Автор пишет, как один лихой молодец Иван Чернояров и дружок его Шалим «попали в банду атамана Дурносвиста. В огне и крови прошли всю Уманьщину. Однако Дурносвист вскоре был уличён в чёрной корысти и повешен своими же отрядниками. Выбранный ему на смену Сысой Букретов в первом бою испустил дух на пике сичевика. Чернояров принял командование над бандой и повёл её по древним шляхам Украины. Под Знаменкой дрались с гайдамаками, под Фастовом – с Петлюрой, под Киевом – с немцами и большевиками. <…> При самых пустяковых неудачах банда разлеталась, как дым на ветру, и Иван с Шалимом скакали по степи, окружённые двумя-тремя десятками самых преданных. Поворот счастья, и шайка быстро возрастала до нескольких сотен. Боевая, волчья жизнь вырабатывала свои права, которые не укладывались ни в какой писаный устав: смертью карался лишь трус и барахольщик, не желающий делиться добытым с товарищем, всё остальное было ненаказуемо…»

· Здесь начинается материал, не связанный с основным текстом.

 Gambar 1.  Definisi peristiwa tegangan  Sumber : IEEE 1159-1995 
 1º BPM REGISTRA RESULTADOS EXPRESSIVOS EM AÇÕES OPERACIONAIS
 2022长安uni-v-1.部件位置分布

Тут самое время вспомнить о делах, творившихся по соседству – на Дону.

Благостный, привольный край донских степей не мог не родить своего бытописателя, судьбой брошенного пережить время смуты – Михаила Шолохова. Такие человеки не рождаются случайно.

Автор грандиозного полотна «Тихий дон» – подлинный летописец, собравший и воскресивший десятки имён, обликов, характеров, судеб; сотворивший роскошное полотно народных обычаев, нравов, речений; подаривший феноменальные картины русской природы. Всё это, кстати, требует написания солидного тома – исследования, которого, если не ошибаюсь, не существует по сей день.

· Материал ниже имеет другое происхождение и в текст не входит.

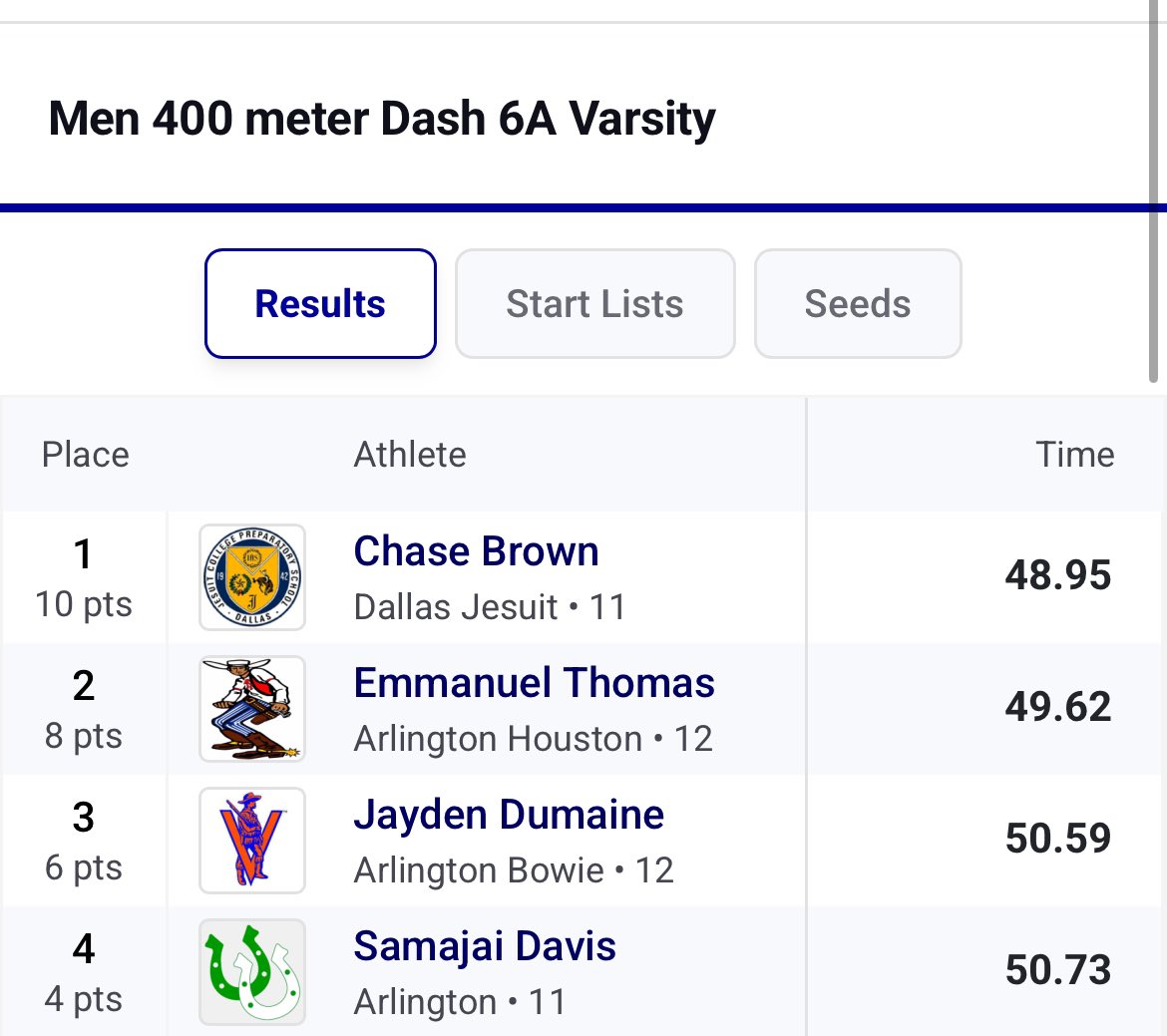 Samajai Davis tweet media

В колоссальной эпопее Шолохова собраны такие чувствования и человеческие отношения (например, чего стоит по филигранности, тонкости и точности всего одна сцена самой первой встречи во время отпуска офицера-добровольца Листницкого с женой своего фронтового друга – поражаешься, как простой казак, мужик другими словами, по существу неинтеллигент мог написать такое), явлены такие картины жизни, страданий, ранений и смертей, что никаким «докторам живагам» и не снились. Кроме прочих достоинств романа, в нём очень сильна фактологическая основа (чувствуется, что автор был знаком не только с множеством документов того времени, но и прочёл немало мемуаров лиц исторических). С первых страниц повествование забирает читателя во власть подлинностью, достоверностью событий и лиц, в них действующих (от генералов Корнилова и Краснова до атамана Каледина и большевика Подтёлкова). Ошеломляет присутствие многих и многих имён, роскошное разнообразие характеров и внешности персонажей.

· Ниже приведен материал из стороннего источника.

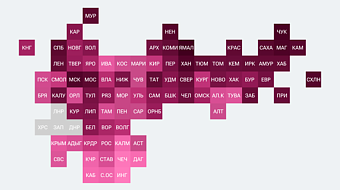 Якутия заняла 9 место в рейтинге регионов по доступности покупки нового авто-2025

Поражает поведение российской интеллигенции (которая, как известно, была не только штатской, но и армейской) – из той самой среды, которая до войны бредила революцией. Вот как автор пишет о состоянии Добровольческой армии:

«Все наиболее мужественные гибли в боях, от тифа, от ран, а остальные, растерявшие за годы революции и честь и совесть, по-шакальи прятались в тылах, грязной накипью, навозом плавали на поверхности бурных дней. Это были ещё те нетронутые, залежалые кадры офицерства, которые некогда громил, обличал, стыдил Чернецов, призывая к защите России. В большинстве они являли собой самую пакостную разновидность так называемой “мыслящей интеллигенции”, облачённой в военный мундир: от большевиков бежали, к белым не пристали, понемножку жили, спорили о судьбах России…

Для них было всё равно, кто бы ни правил страной, – Краснов ли, немцы ли, или большевики, – лишь бы конец.

А события грохотали изо дня в день. В Сибири – чехословацкий мятеж, на Украине – Махно, возмужало заговоривший с немцами на наречии орудий и пулемётов.»

И сама природа в романе – неотъемлемая часть всего, что происходит с людьми. Ей даны права чуть ли не главного действующего персонажа, никак не меньше, и нередко главы романа открываются картинами природы – это она владеет всем, что развёртывается дальше. Картины её живописны, щедры и каждый раз неповторимы – несомненный почерк мастера. Кажется, из одних посвящённых ей цитат можно было бы составить целый сборник. Трудно удержаться от того, чтобы хоть некоторые из них привести здесь. Цитаты собраны из разных мест романа. Похоже, бόльшая часть авторского внимания сосредоточена на той долгожданной поре, которая трогает сердце каждого казака-хлебороба, скучающего по ней в долгие зимы. Имя той поры – весна.

«На четвёртой неделе поста сдала зима. На Дону бахромой легли окраинцы, ноздревато припух, поседел подтаявший сверху лёд. Вечерами глухо гудела гора, по стариковским приметам – к морозу, а на самом деле – вплотную подходила оттепель. По утрам лёгкие ледозвонили заморозки, а к полудню земля отходила и пахло мартом, примороженной корой вишнёвых деревьев, прелой соломой.»

«Ласковым телком притулялось к оттаявшему бугру рыжее потеплевшее солнце, и земля набухала, на меловых мысах, залысинами стекавших с обдонского бугра, малахитом зеленела ранняя трава.»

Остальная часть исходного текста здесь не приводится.